Evaluation Results - statnett/Talk2PowerSystem GitHub Wiki
We did a few cycles of generating a QA dataset and running the evaluation. The final results can be found in this folder. We randomly shuffle and split the templates from the QA dataset into 3 parts / splits - train(80%), dev(10%) and test(10%). The dev split consists of 38 templates and 159 questions. The test split consists of 38 templates and 147 questions.
We have 3 experimental setups:
- Using gpt-4.0 as a model
- Using gpt-4.1 as a model
- Using gpt-4.1 as a model and N-Shot tool. For the N-Shot tool we index in the vector store all questions from all templates from the train and dev split. The parameters in the questions are replaced with placeholders. For example,
$ObjectIdentity(0, cim:SubGeographicalRegion)
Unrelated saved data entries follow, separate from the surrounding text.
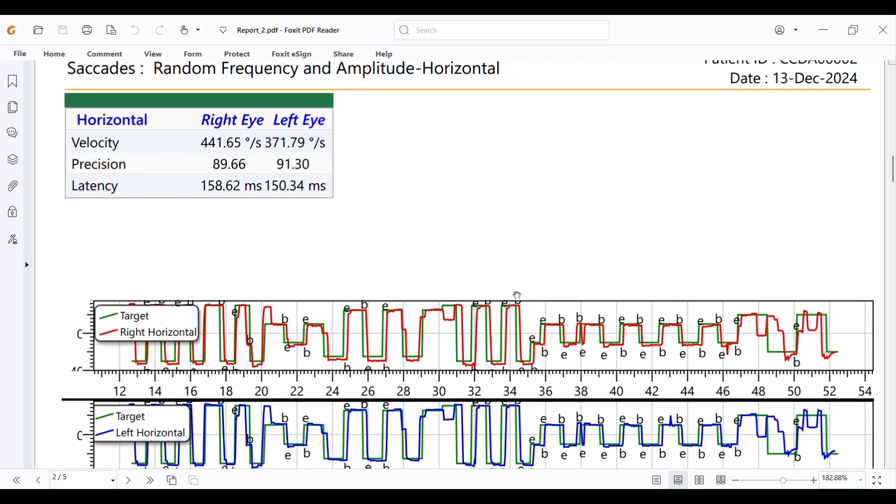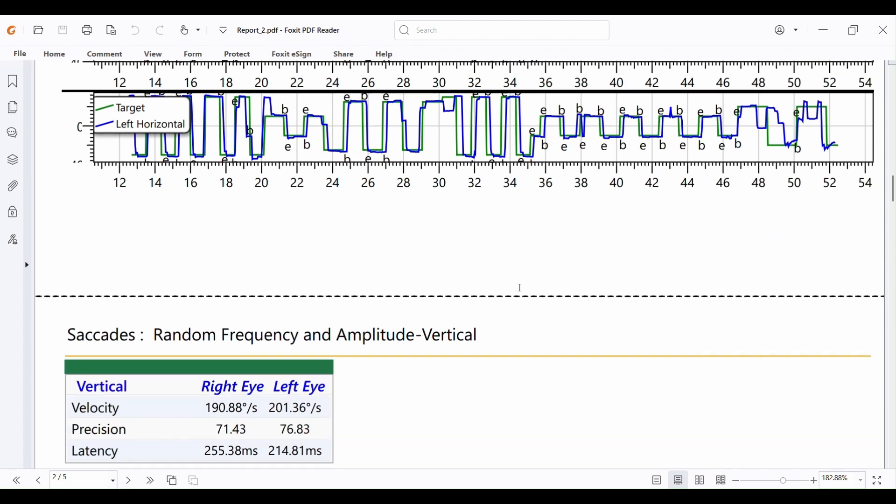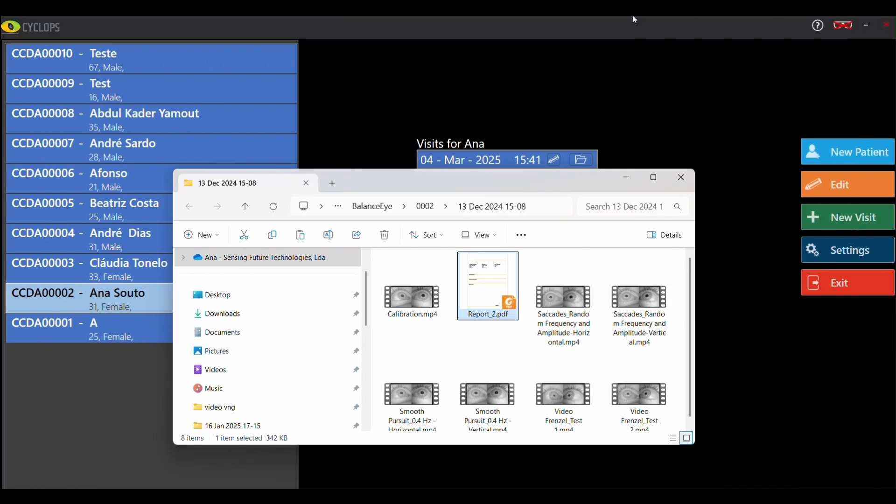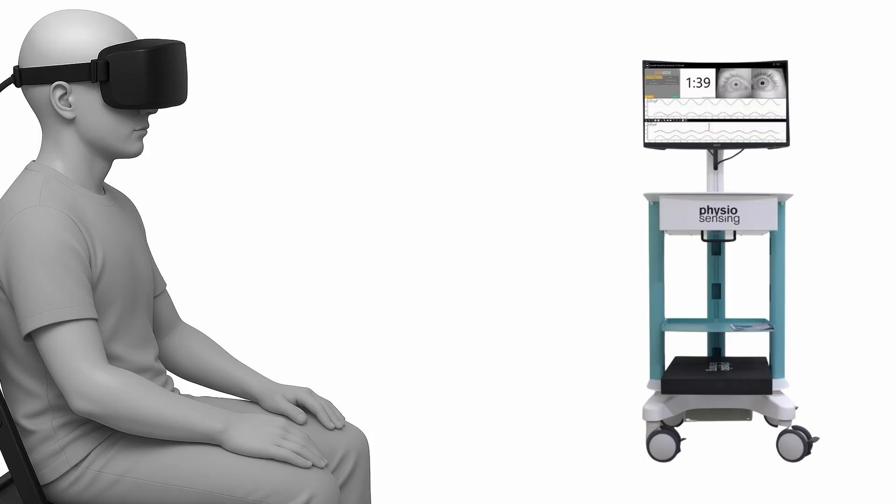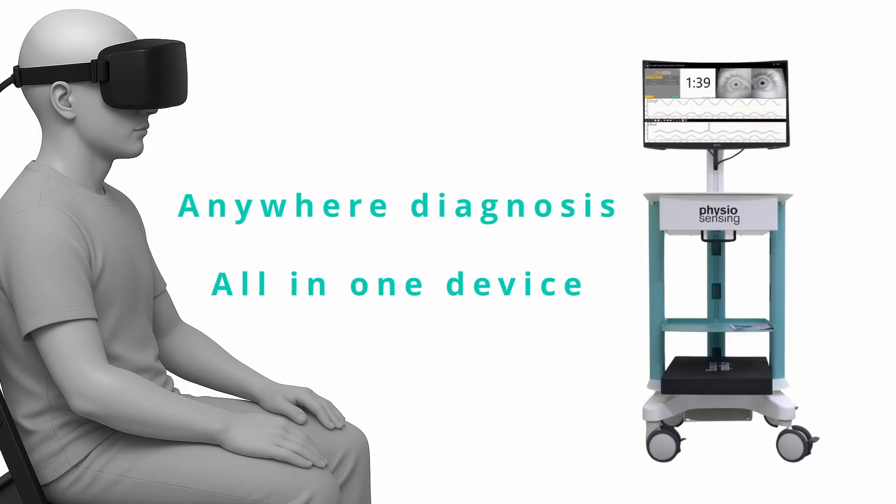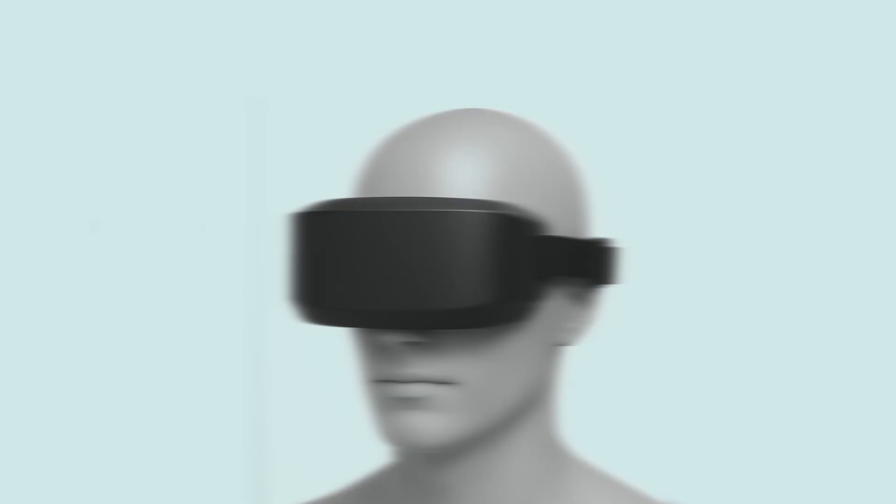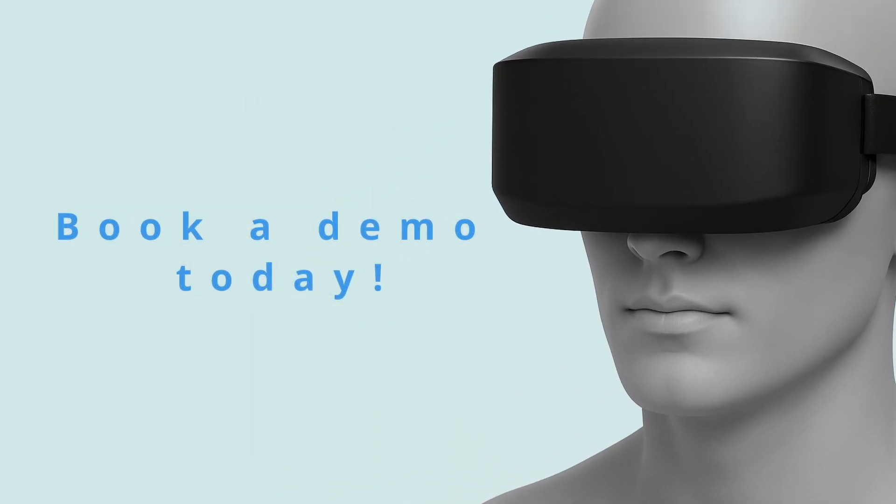With a compact footprint, remote navigation and laptop based operation, the VNGi offers true point of care flexibility from private clinics to mobile diagnostic units. Book your personalized demonstration today and explore how the VNGi can transform your vestibular assessment workflow.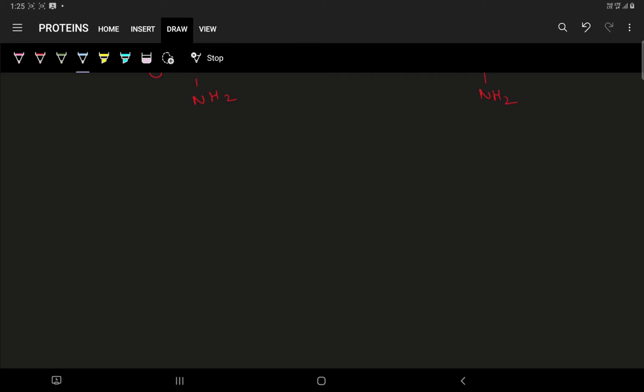Welcome students. In this video, we shall be understanding the concepts of Sakaguchi reaction or Sakaguchi test. This test is used to detect the presence of arginine, an alpha amino acid.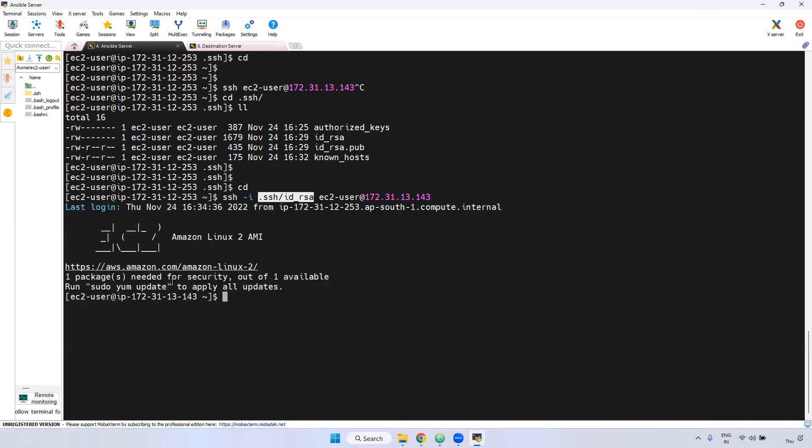In case you have the private key in a different location, you have to mention SSH -i and provide the private key path. Remember this point: by default, if you are not giving -i, it directly connects because inbuilt it will take inside dot SSH the id_rsa private key. Even if you give SSH -i with that path, it will still connect.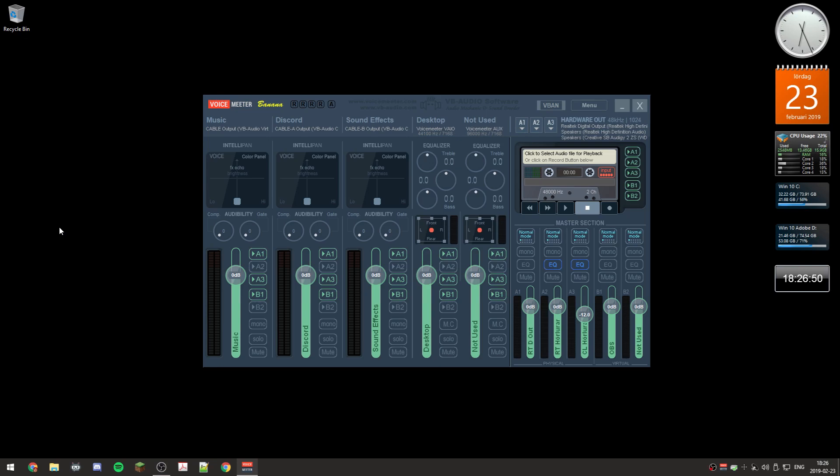Hello, I use this little software called Voicemeeter Banana on my Windows installation and I think this is great for when you are streaming. I will do a little bit of a tutorial of this software later on, but that will be a next video.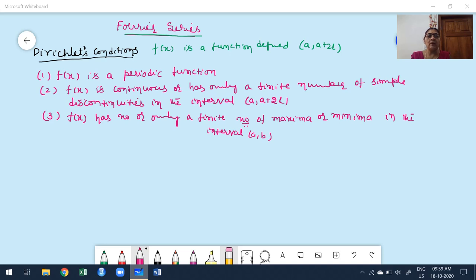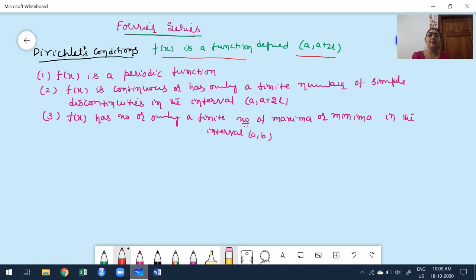Before starting the engineering-level construction of Fourier series, let us first understand generally how to construct Fourier series for a given function. If you want to construct a Fourier series for a function, one condition is the function must be defined in a certain interval. For example, consider f(x) is defined in the interval [a, a+2l], just like 0 to 2π or −π to π. The function must be defined in certain limits.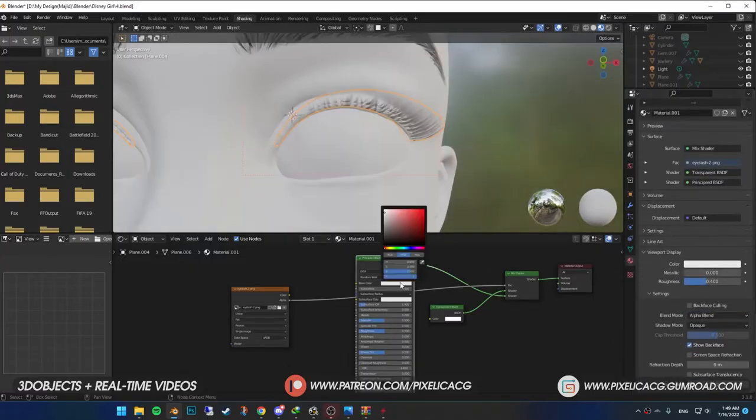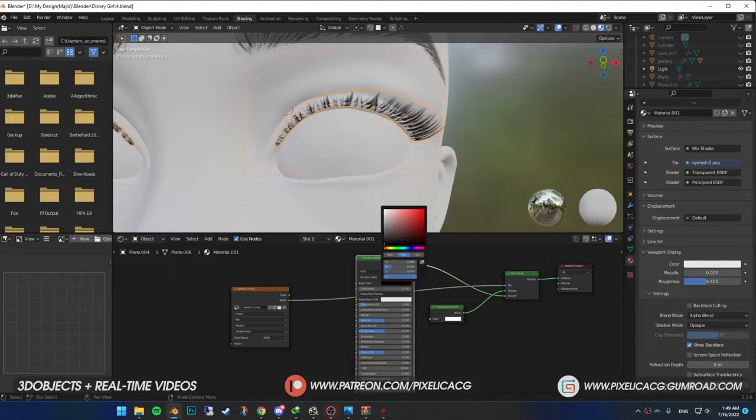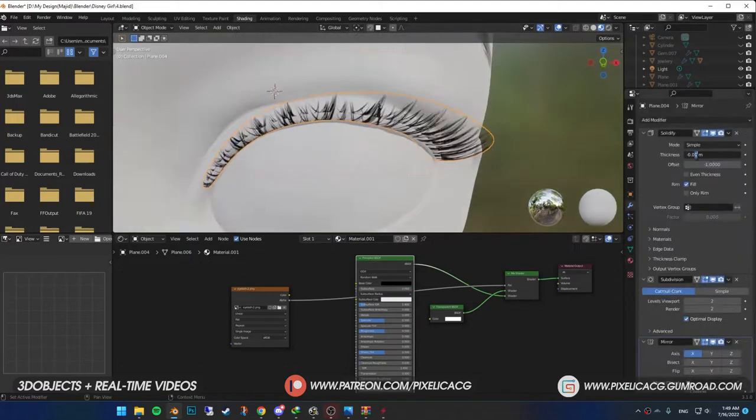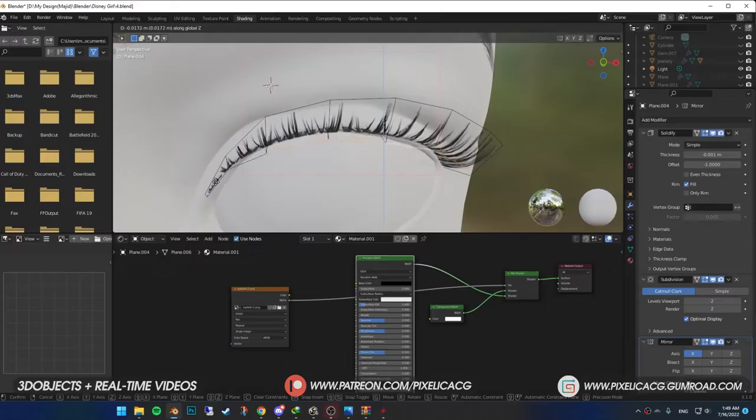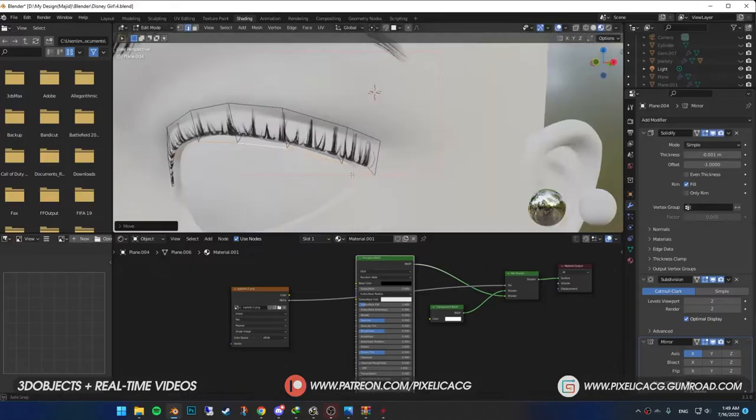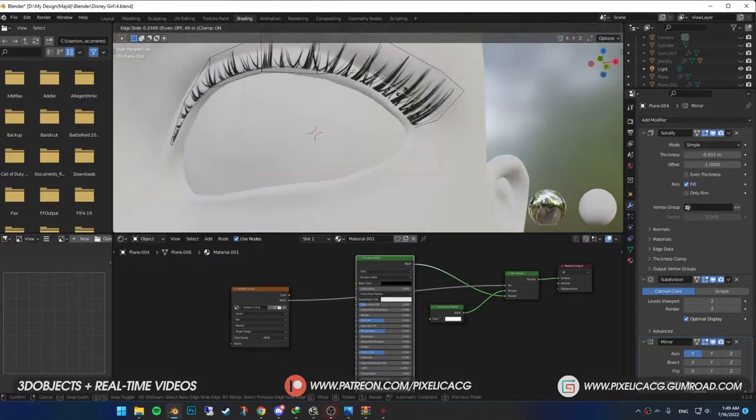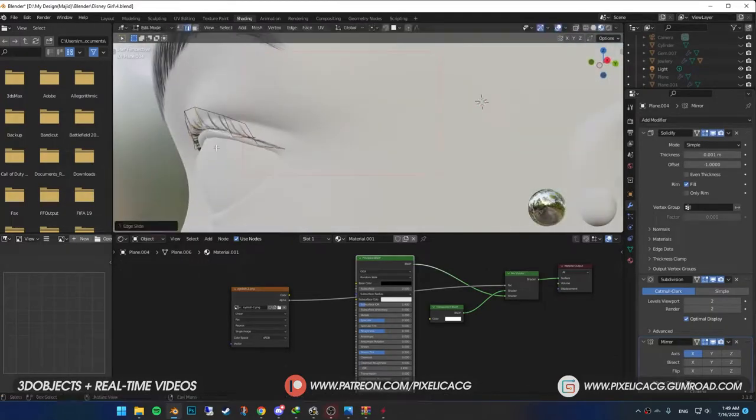You see it's double sided. That's because of the solidify modifier. You can delete it or decrease the thickness to a low number. Now change the shape to your liking. Make it bigger, smaller, whatever. Good part is, for the bottom one, you don't need to do it all over again.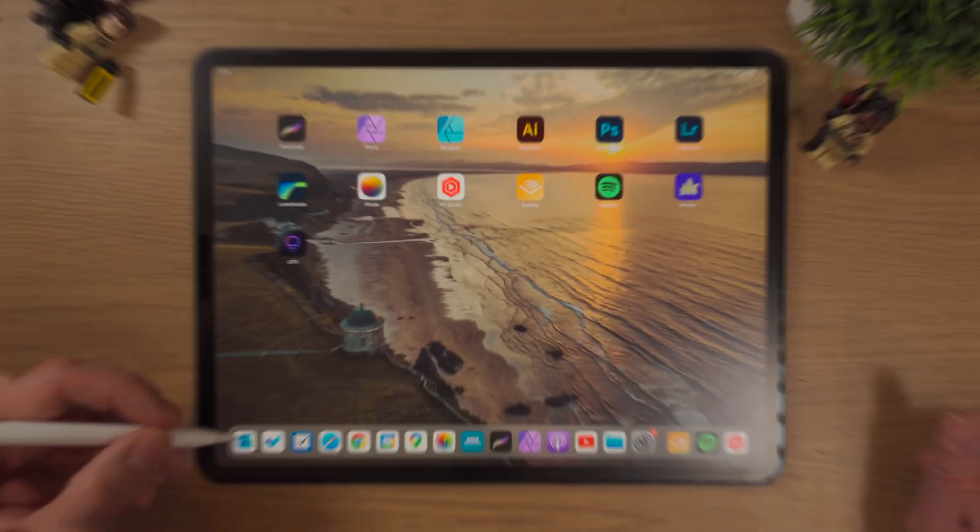Hello and welcome. In this video we're going to be looking into Affinity Photo on the iPad. In particular, we're going to focus on making a new document, importing photos into it, and saving and exporting. So let's get into it.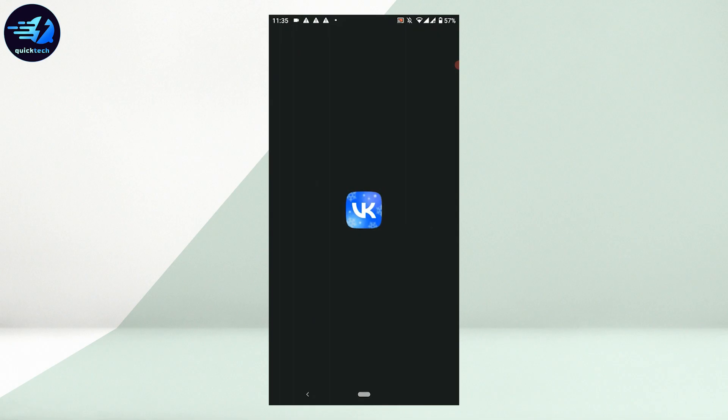With that, you have successfully downloaded and installed the VK application for your mobile device. This is how you can download and install VK for Android device. Hope this video was useful.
is replaced with<SubGeographicalRegion>
and$ValueFilter(cim:GeneratingUnit, cim:GeneratingUnit.maxOperatingP, xsd:float)
- with<float>
Below table summarizes the results from the 3 experiments
Micro Mean Answer Score Dev | Macro Mean Answer Score Dev | Micro Mean Answer Score Test | Macro Mean Answer Score Test | |
---|---|---|---|---|
gpt-4.0 | 0.4151 | 0.4671 | 0.5170 | 0.5382 |
gpt-4.1 | 0.6226 | 0.6118 | 0.6395 | 0.6504 |
gpt-4.1 + n-shot | 0.6415 | 0.6789 | 0.7279 | 0.7434 |
We see a significant improvement in the results with gpt-4.1 compared to gpt-4.0. However, the improvement from using the N-shot tool is lower than expected, especially on the dev split, since all of the questions from the it are actually indexed in the vector store and the LLM can use the tool to fetch them and generate the expected SPARQL queries.
Additional analysis of the errors are required, and also exploring and evaluating different ways to index the data for the N-Shot tool.